====== Data records

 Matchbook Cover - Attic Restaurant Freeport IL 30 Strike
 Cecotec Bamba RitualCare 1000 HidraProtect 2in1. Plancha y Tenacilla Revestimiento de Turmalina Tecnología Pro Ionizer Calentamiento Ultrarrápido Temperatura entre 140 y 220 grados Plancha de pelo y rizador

============
====== Data records

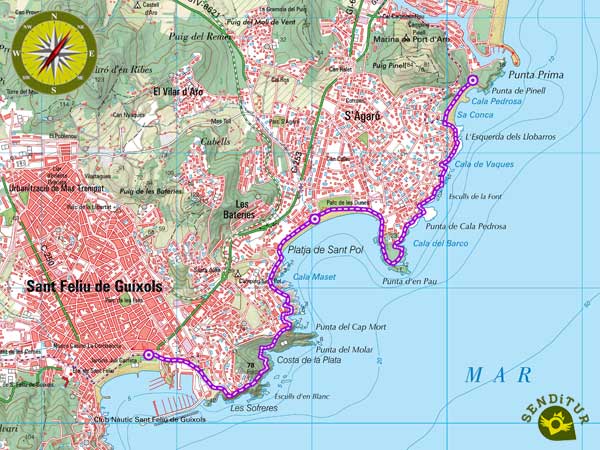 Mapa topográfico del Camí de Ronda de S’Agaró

============

# [About this exercise]
Of the entries listed above, reproduce only the lines starting at the line containing "Matchbook Cover - Attic" and ending at the line containing "Cecotec Bamba RitualCare". Include both, exactly as they stand.

# [Completed exercise]
 Matchbook Cover - Attic Restaurant Freeport IL 30 Strike
 Cecotec Bamba RitualCare 1000 HidraProtect 2in1. Plancha y Tenacilla Revestimiento de Turmalina Tecnología Pro Ionizer Calentamiento Ultrarrápido Temperatura entre 140 y 220 grados Plancha de pelo y rizador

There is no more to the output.